● Task description:
All lines below starting at the one that holds "FitFlop X Pantone" and ending at the one that holds "Rye Field Models" should be printed exactly, ends included. Pictures should not be printed, nor anything else.

___ Input for this task ___

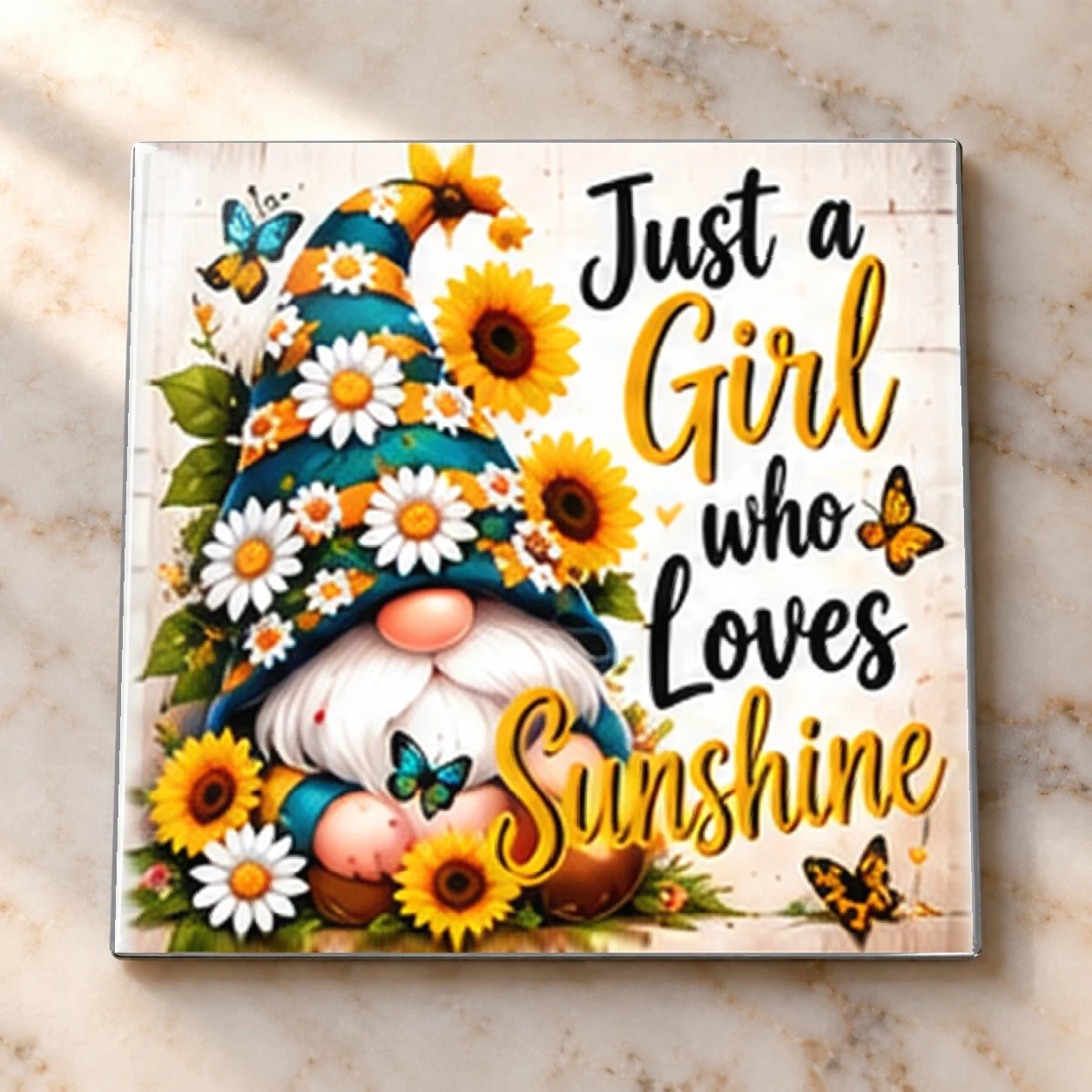 Just a Girl Who Loves Sunshine Magnet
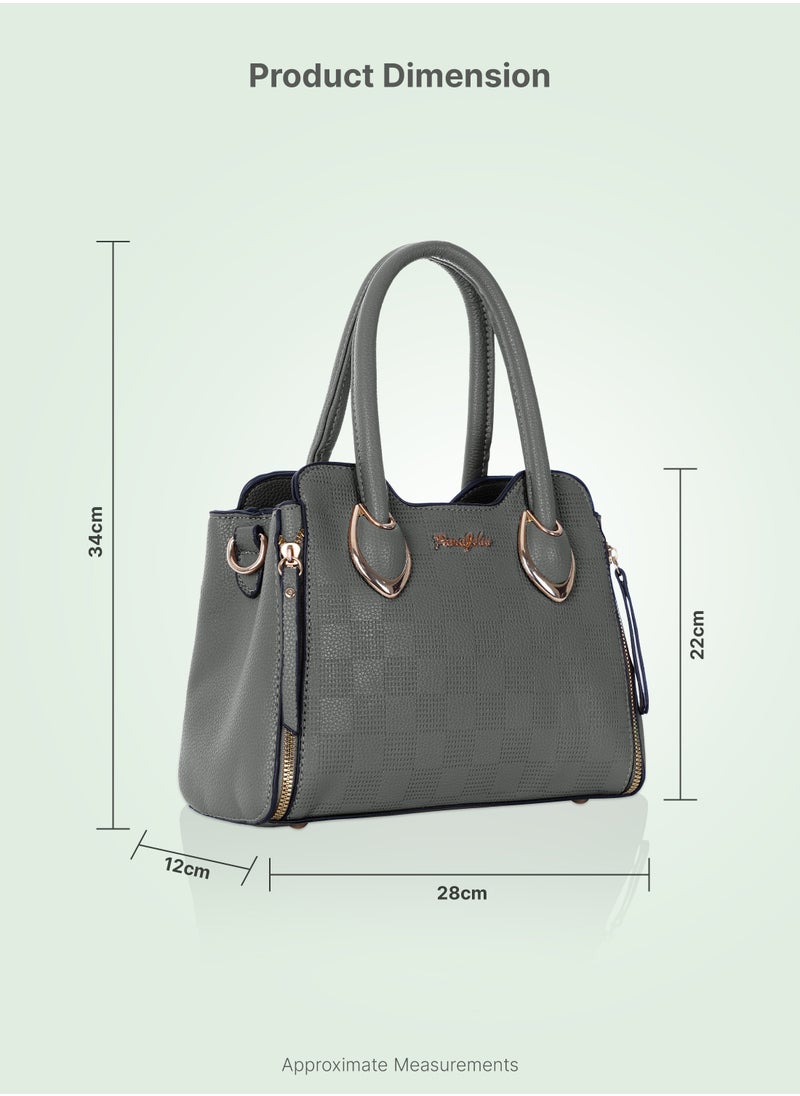 PARAJOHN Fashionable Ladies Top handle Bags Handbags for women Shoulder Crossbody bag Grey  - Image 3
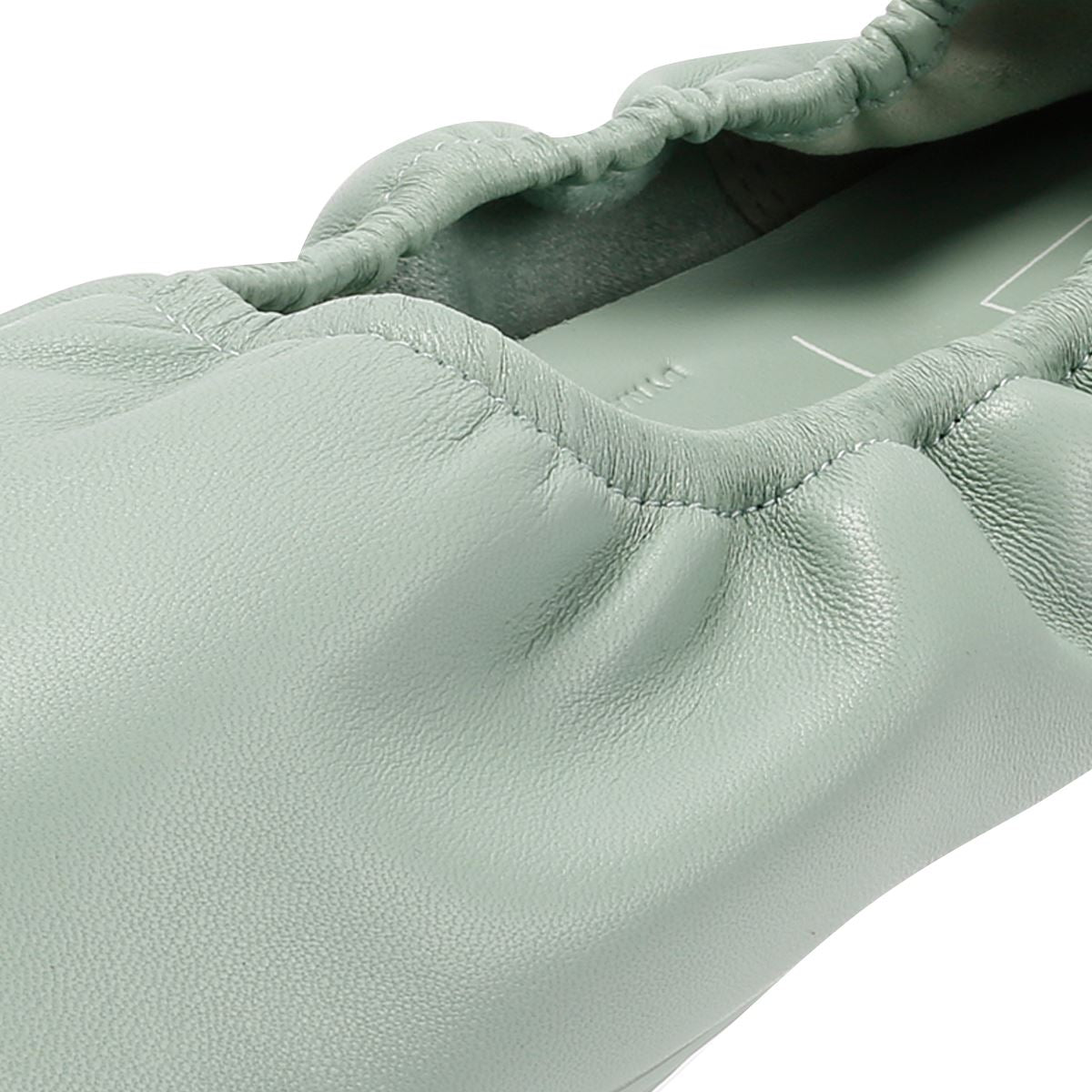 FitFlop X Pantone Delicato Ballerina Leder Damen Grüne Schuhe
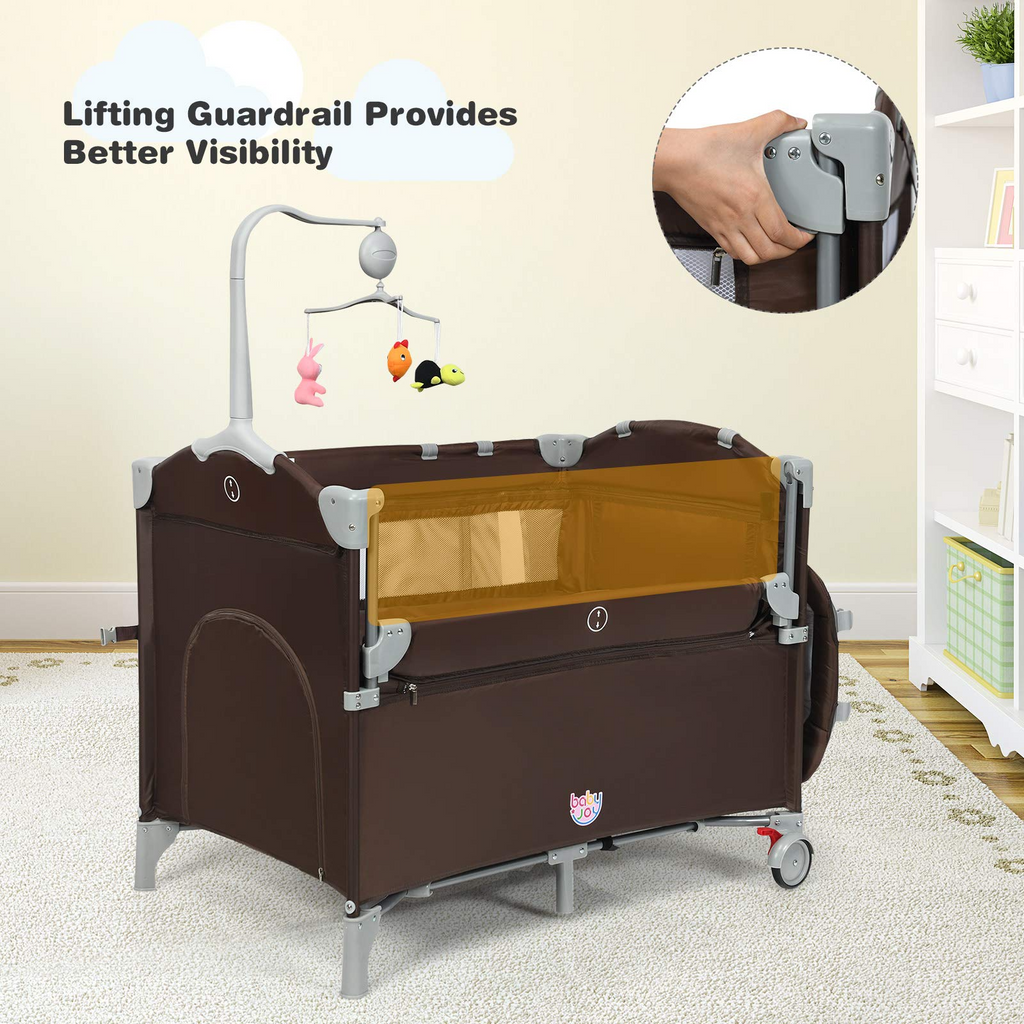 Baby Bedside Sleeper with Bassinet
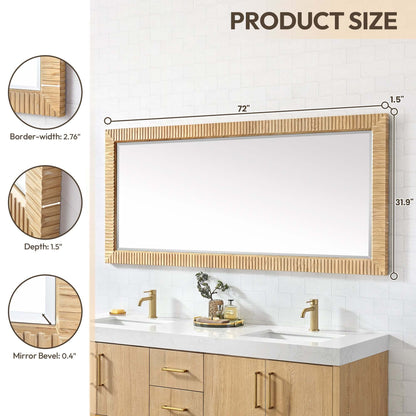 Vinnova Osaka 72-inch wall-mount bathroom vanity in Washed Ash Grey — view 14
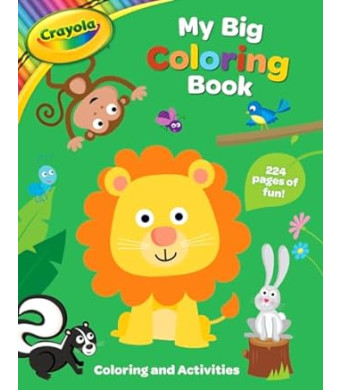 Crayola: My Big Coloring Book (A Crayola My Big Coloring Activity Book for Kids) by BuzzPop- Paperback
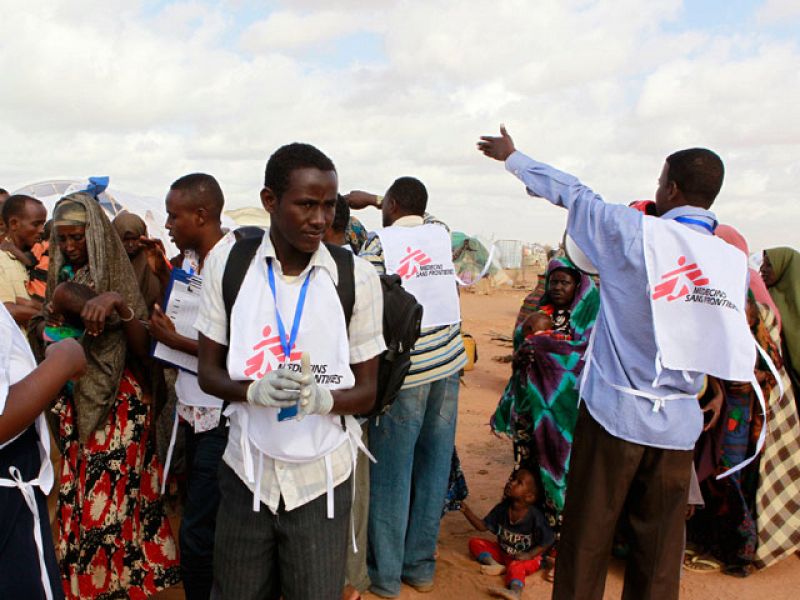 Médicos Sin Fronteras evacua su personal de Dadaab tras el secuestro de las cooperantes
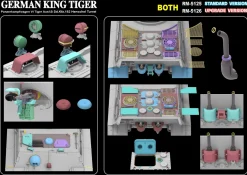 Rye Field Models 1/35 Pz.Kpfw.VI Ausf.B King Tiger Upgraded Kit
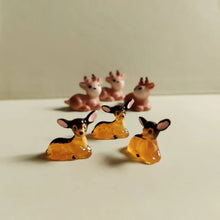 Load image into Gallery viewer, 10pcs Mini Deer Figurines for Fairy Garden, Terrarium, Dollhouse, Bonsai, DIY Crafts, Moss Landscape, Miniature Animal Model, Decor Supplies
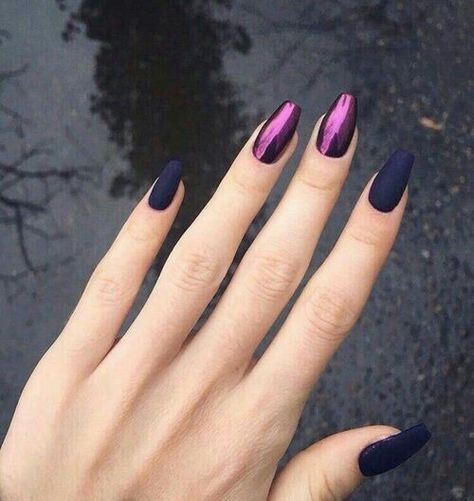 Pink Coffinnails, Unghie Sfumate, Makijaż Smokey Eye, Super Nails, Dark Nails, Salon Design, Chrome Nails, Purple Nails, Gorgeous Nails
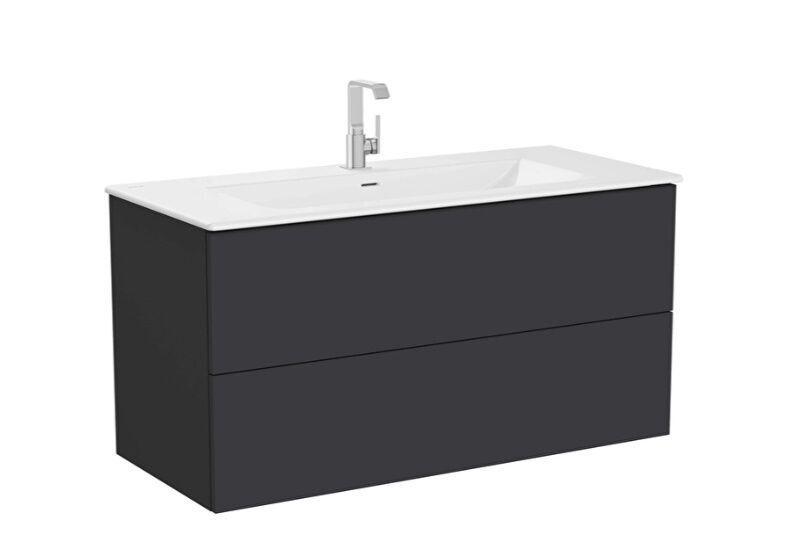 Vitra Metropole Pure 67228 Lavabo Dolabı 120 cm Mat Grafit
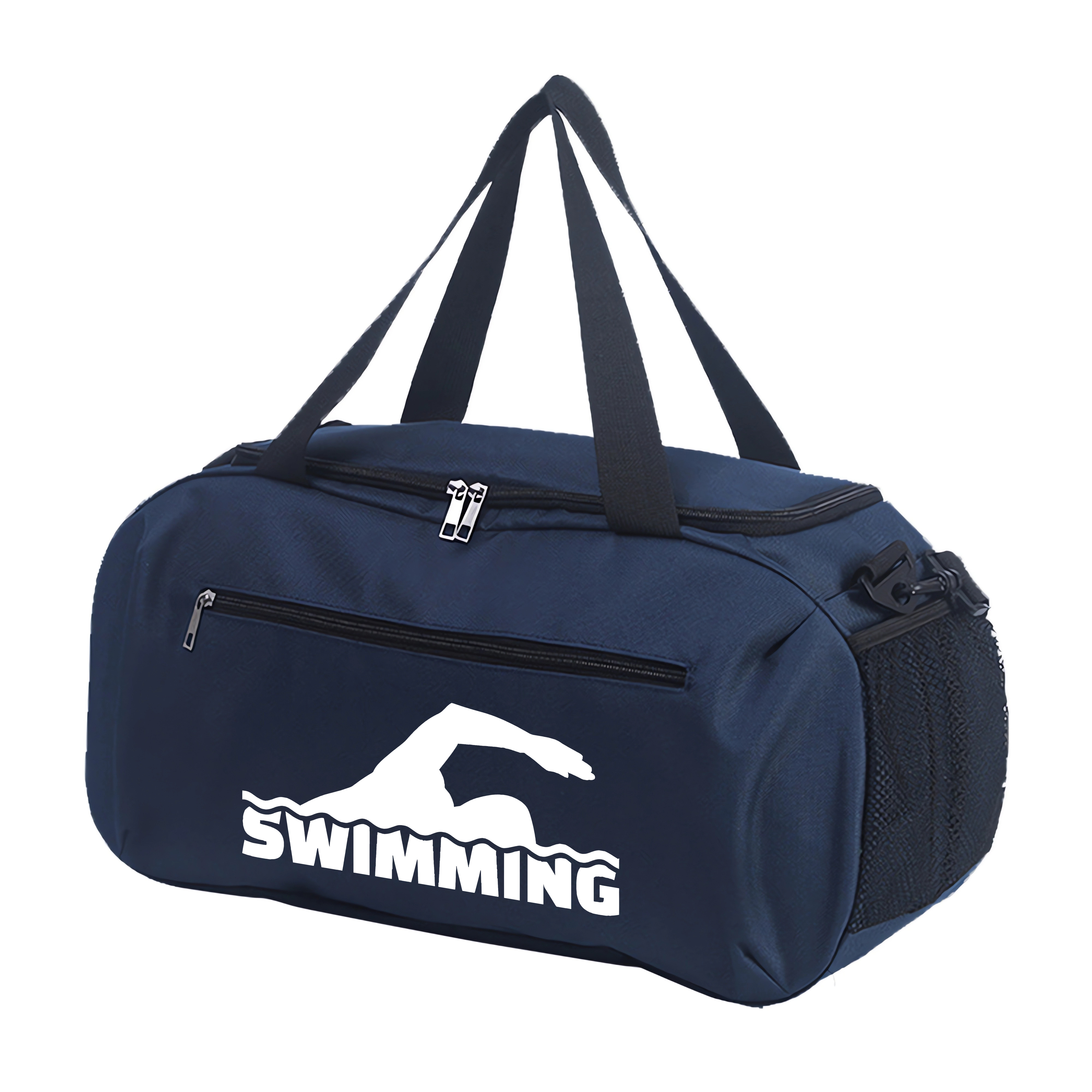 TEMU Swimming Theme Printed Travel Bag, Large Capacity Sports Fitness Tote, Carry-on And Backpack, Multi-compartment Storage For Swimming Gear And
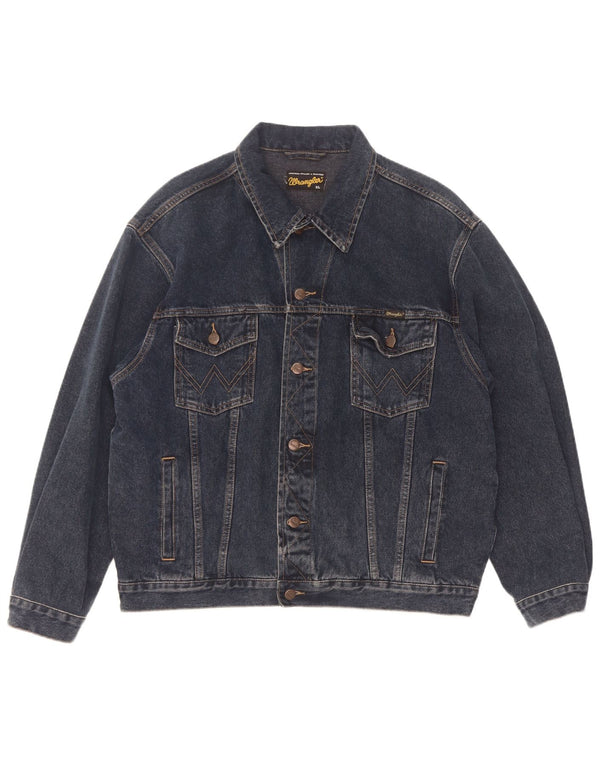 Giacca di jeans da uomo Wrangler UK 42 XL cotone blu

___

● Result for this exercise:
 FitFlop X Pantone Delicato Ballerina Leder Damen Grüne Schuhe
 Baby Bedside Sleeper with Bassinet
 Vinnova Osaka 72-inch wall-mount bathroom vanity in Washed Ash Grey — view 14
 Crayola: My Big Coloring Book (A Crayola My Big Coloring Activity Book for Kids) by BuzzPop- Paperback
 Médicos Sin Fronteras evacua su personal de Dadaab tras el secuestro de las cooperantes
 Rye Field Models 1/35 Pz.Kpfw.VI Ausf.B King Tiger Upgraded Kit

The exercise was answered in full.